Pentagon cracks down on soldiers' GPS tracking apps
The US military has issued an order to immediately begin restricting soldiers' use of GPS tracking apps in areas deemed to be sensitive or dangerous.
Troops in "operational areas" such as warzones or overseas US bases can now be required to disable their electronic devices' geolocation services.
GPS tracking, which is present on most phones and smartwatches, enables fitness tracking and even dating apps.
The move comes after a fitness app revealed US troop movements in Syria.
The Pentagon had launched a review of GPS trackers and apps earlier this year after fitness tracker Strava released a global map of users.
The Global Heat Map showed what appeared to be Western soldiers either running or cycling in Helmand, Afghanistan and Tanf, Syria, on frontline bases.
"The rapidly evolving market of devices, applications, and services with geolocation capabilities... presents significant risk to Department of Defense (DoD) personnel both on and off duty, and to our military operations globally," the order says.
"These geolocation capabilities can expose personal information, locations, routines, and numbers of DoD personnel, and potentially create unintended security consequences and increased risk to the joint force and mission."
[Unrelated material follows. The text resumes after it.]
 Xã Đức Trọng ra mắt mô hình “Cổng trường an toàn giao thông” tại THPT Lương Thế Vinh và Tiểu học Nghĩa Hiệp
The order stops short of banning smart devices and fitness tracking electronics themselves, but allows commanders to determine when they can be used.
"It goes back to making sure we're not giving the enemy an unfair advantage and we're not showcasing the exact location of our troops worldwide," Pentagon spokesman Col Rob Manning told reporters on Monday.
Areas where they could be restricted include military outposts being used against the so-called Islamic State in Syria.
The Pentagon headquarters in Virginia would not be considered "operational", a military spokeswoman told Nextgov.com.
"The goal of this policy is to focus more on the features instead of the devices," Pentagon spokeswoman Maj Audricia Harris told the website.
"Next thing you know there might be contact [lenses] with the same capability, so we want to focus on the feature and not the actual medium."
A spokeswoman for Fitbit, which makes wearable fitness trackers, told the Associated Press on Monday that the company is "committed to protecting consumer privacy and keeping data safe".
"Unlike a smartphone, location data is not collected by Fitbit unless a user gives us access to the data, and users can always remove our access."
This is the second order affecting electronic devices released in recent months by the defence department.
In May, the Pentagon issued new guidelines for the use of phones inside its Virginia headquarters.
That memo called for staff to leave phones in storage containers outside areas of the building where sensitive or classified matters are discussed, but did not completely ban the devices all together.